(SUPPLIED ENTRIES):

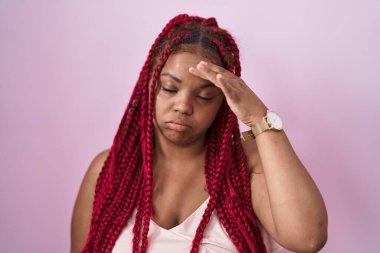Pembe arka planda örülü saçları olan Afrikalı Amerikalı bir kadın. Alnındaki bir sorun yüzünden endişeli ve stresli. Kriz konusunda endişeli. 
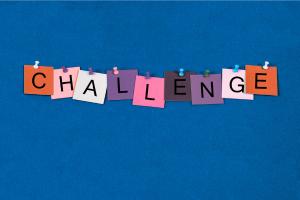 Post-its that spell the word Challenge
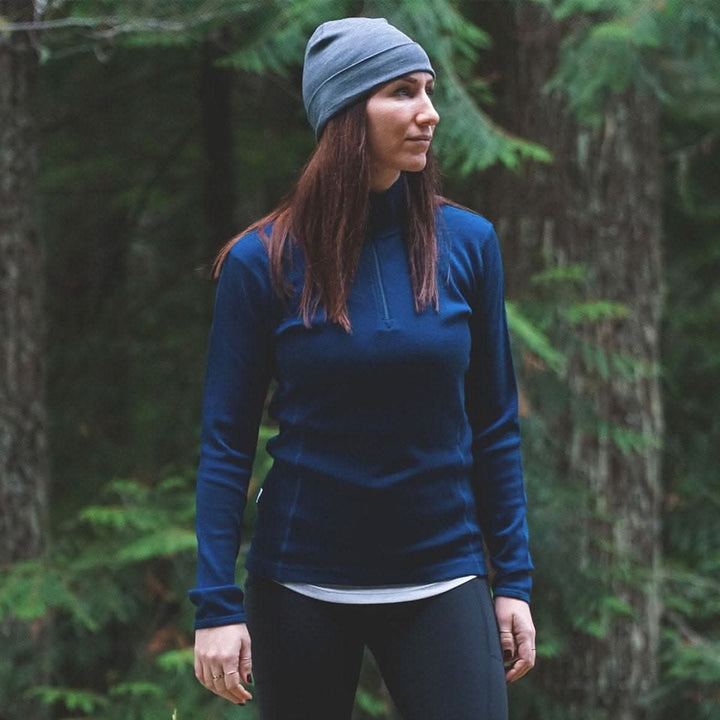 A woman stands in the woods. The model is wearing a one hundred percent merino wool quarter zip sweater with thumbholes 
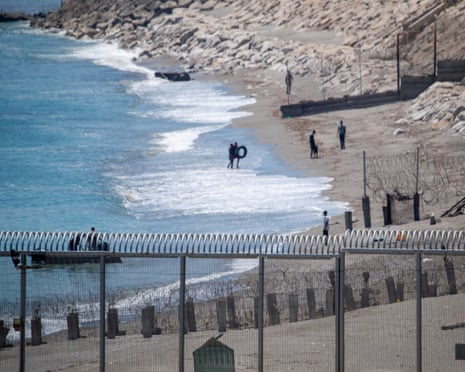 A shoreline with distant figures is seen through a high fence topped with barbed wire.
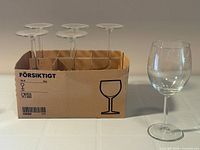Five glasses standing in original Ikea Forsiktigt six-cell cardboard box with one glass displayed outside for scale
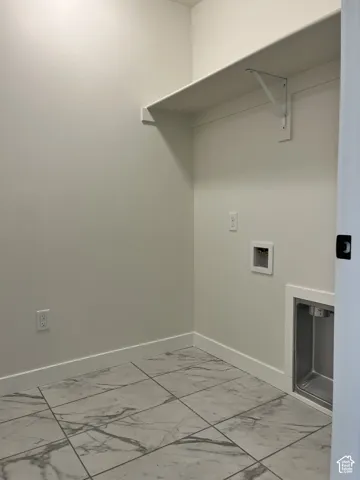 Built-in shelving, utility hookups, and a laundry basin complement the tile flooring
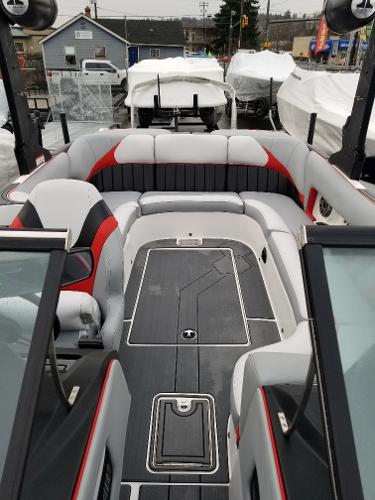 Slide: The Image of 2022 MB B52-23 boat interior with seating and deck view. - 7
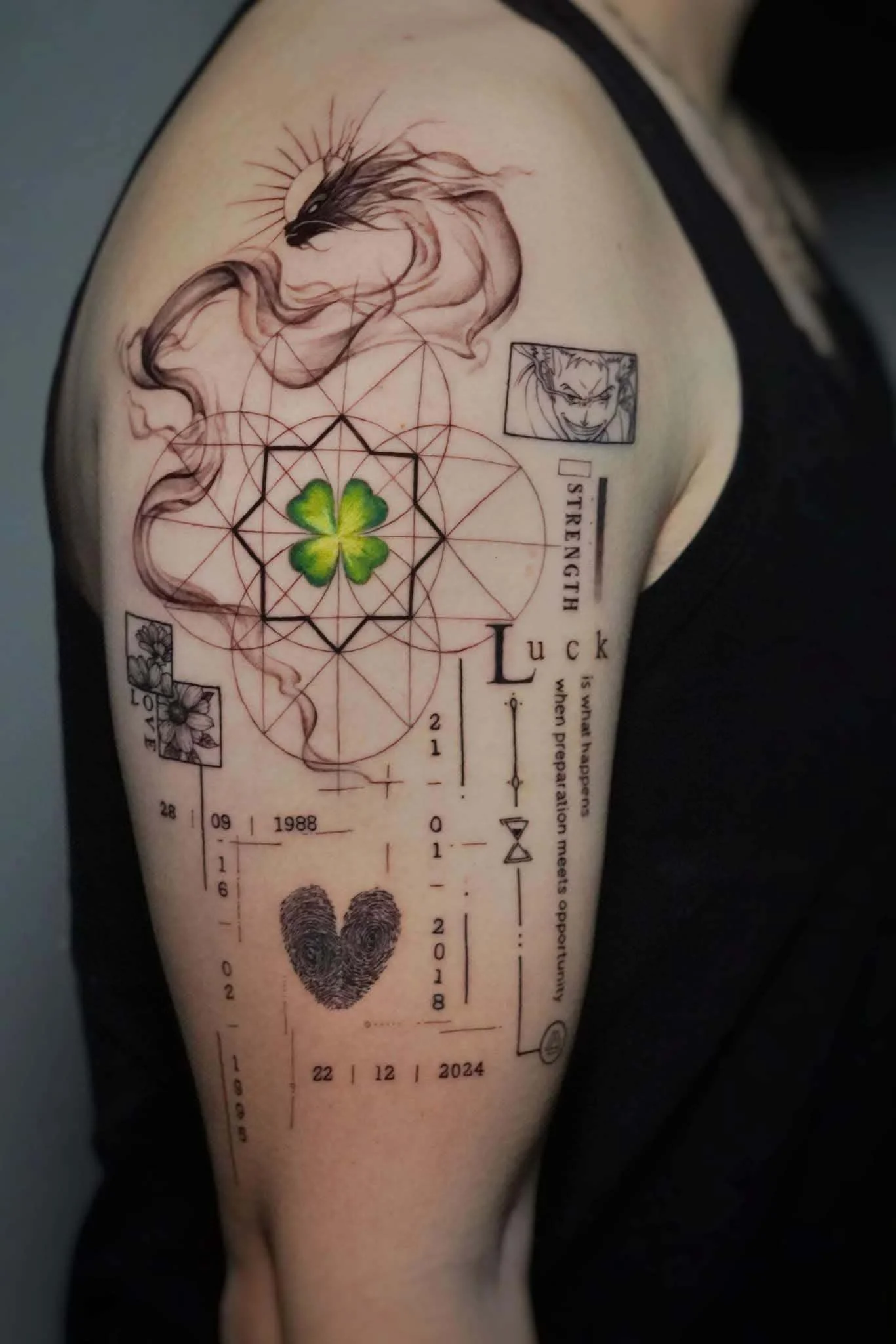 Patchwork upper arm tattoo with dragon, clover, geometric design, and dates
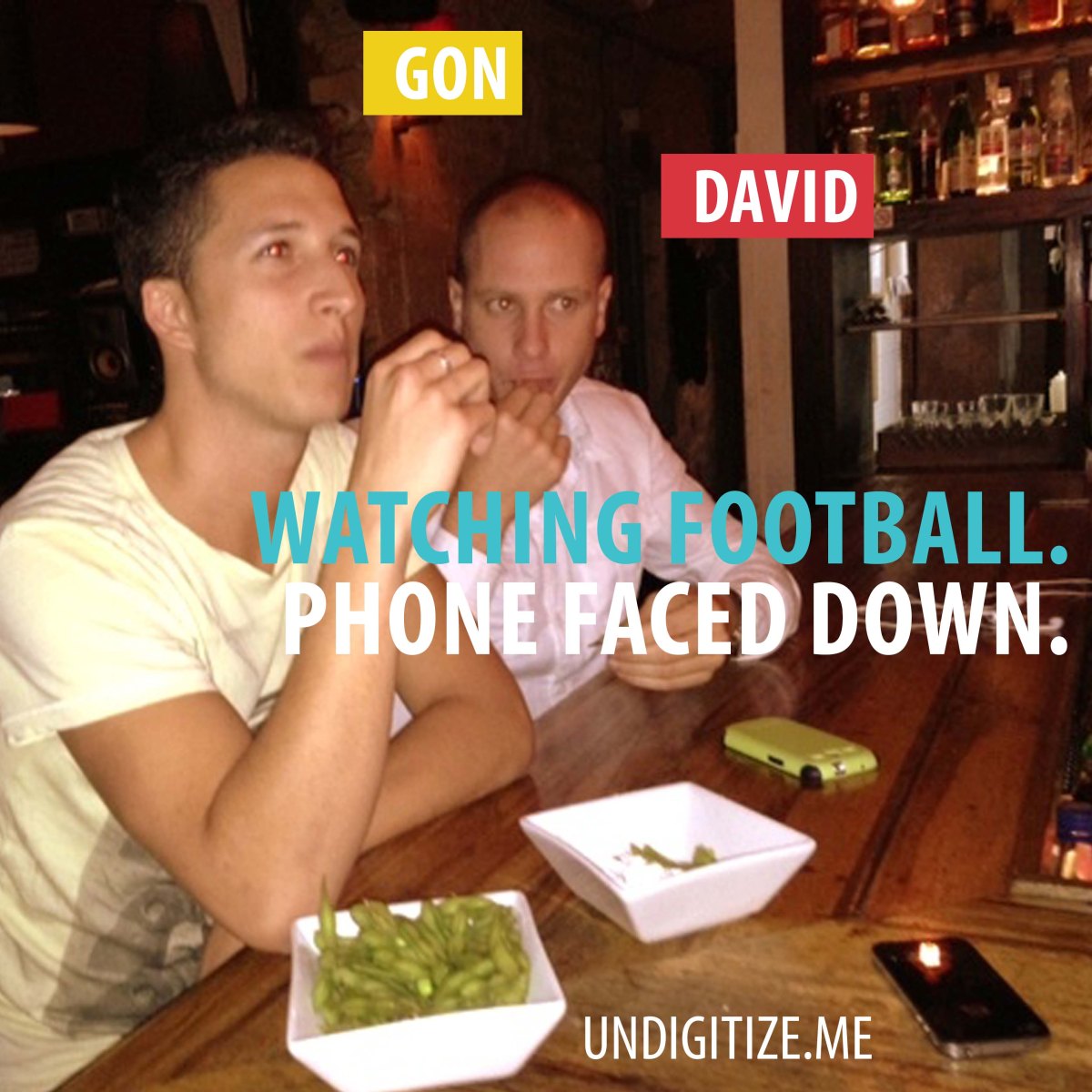 Watching Football. Phone Faced Down.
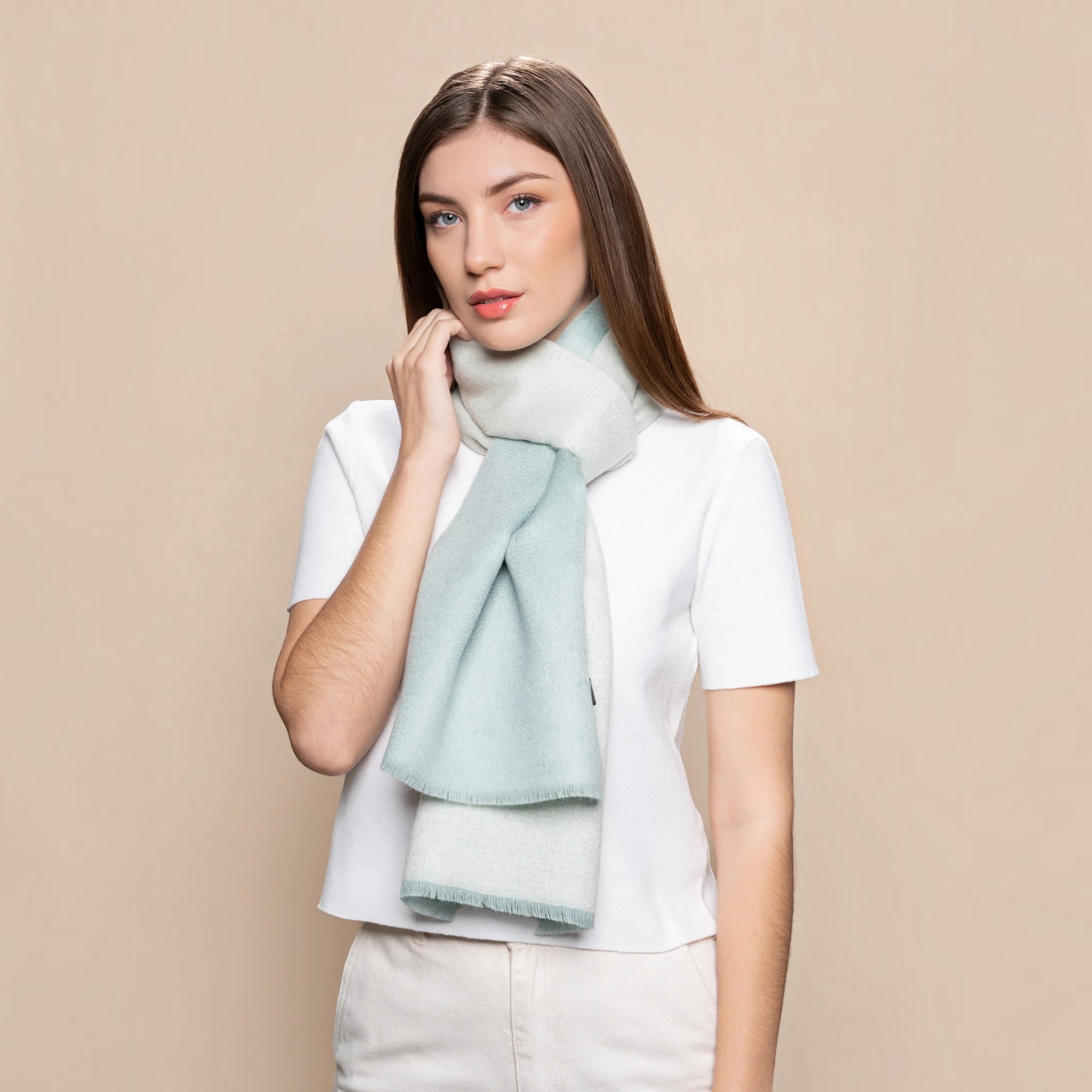 100% Baby Suri Alpaca reversible scarf in aquamarine and soft aquamarine with frayed edges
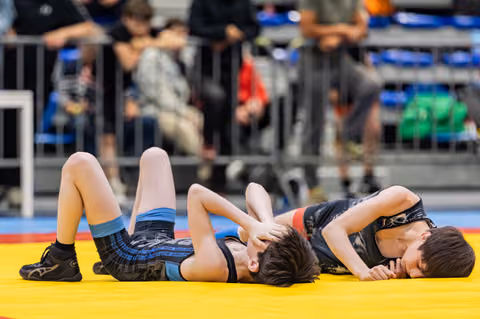 Two young wrestlers battle on a yellow mat, one pinning the other down during an intense youth match.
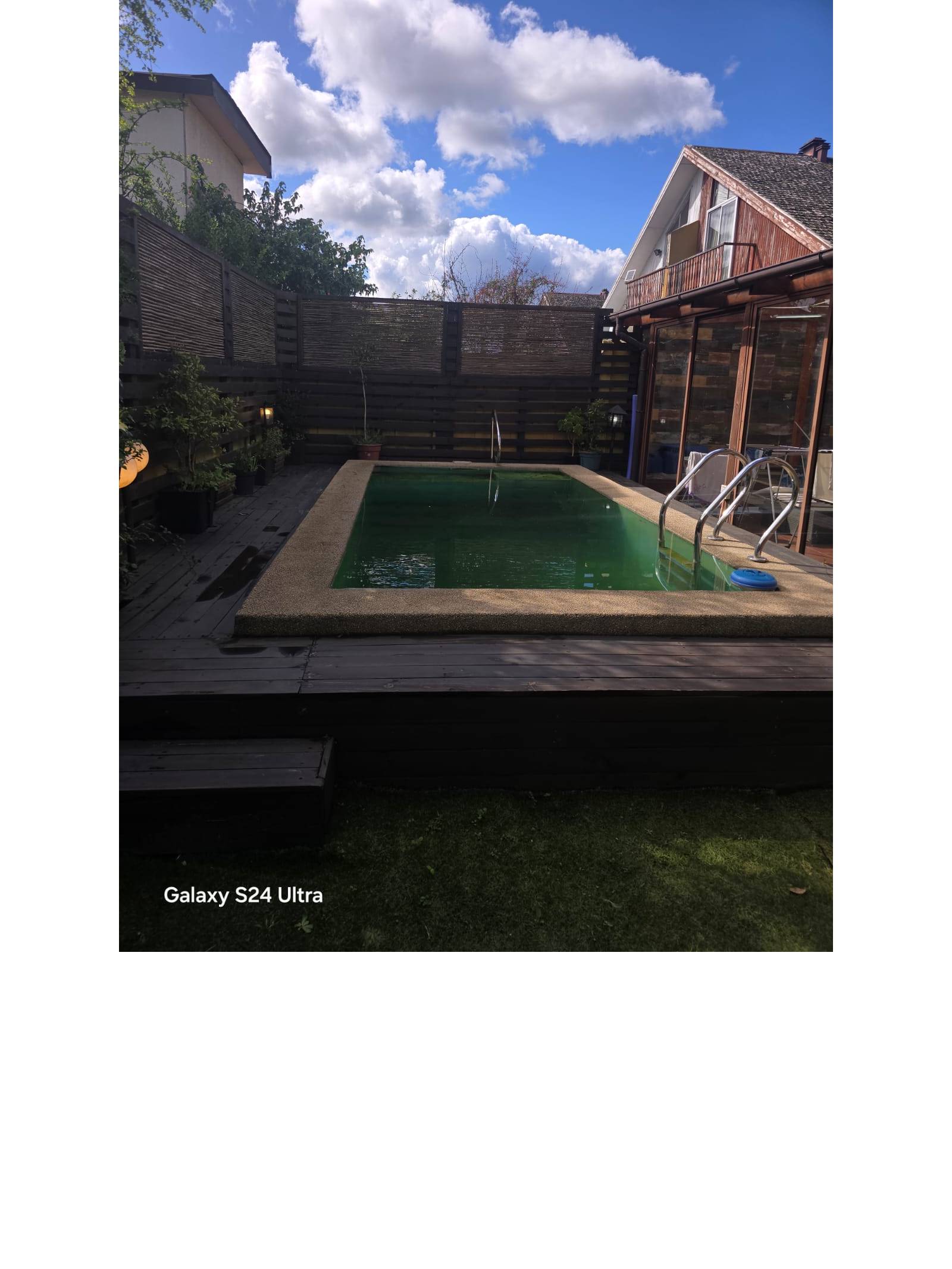Piscina en patio trasero con deck de madera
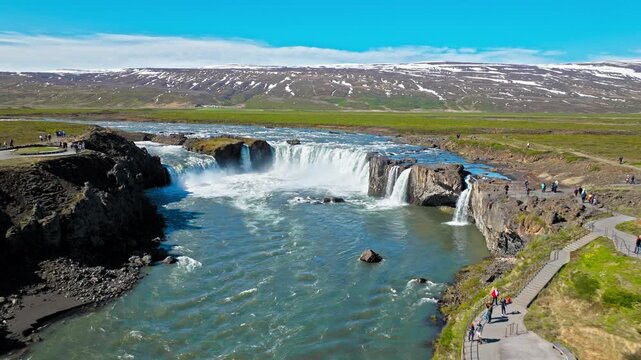 Drone footage of Godafoss Waterfall surrounded by rocky cliffs in North Iceland. The strong current flows over the wide horseshoe-shaped falls.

(TASK OBJECTIVE): A word-for-word copy of the records is required. Leave out every picture.

(EXERCISE SOLUTION):
Pembe arka planda örülü saçları olan Afrikalı Amerikalı bir kadın. Alnındaki bir sorun yüzünden endişeli ve stresli. Kriz konusunda endişeli. 
 Post-its that spell the word Challenge
 A woman stands in the woods. The model is wearing a one hundred percent merino wool quarter zip sweater with thumbholes 
 A shoreline with distant figures is seen through a high fence topped with barbed wire.
Five glasses standing in original Ikea Forsiktigt six-cell cardboard box with one glass displayed outside for scale
 Built-in shelving, utility hookups, and a laundry basin complement the tile flooring
 Slide: The Image of 2022 MB B52-23 boat interior with seating and deck view. - 7
 Patchwork upper arm tattoo with dragon, clover, geometric design, and dates
 Watching Football. Phone Faced Down.
 100% Baby Suri Alpaca reversible scarf in aquamarine and soft aquamarine with frayed edges
 Two young wrestlers battle on a yellow mat, one pinning the other down during an intense youth match.
Piscina en patio trasero con deck de madera
 Drone footage of Godafoss Waterfall surrounded by rocky cliffs in North Iceland. The strong current flows over the wide horseshoe-shaped falls.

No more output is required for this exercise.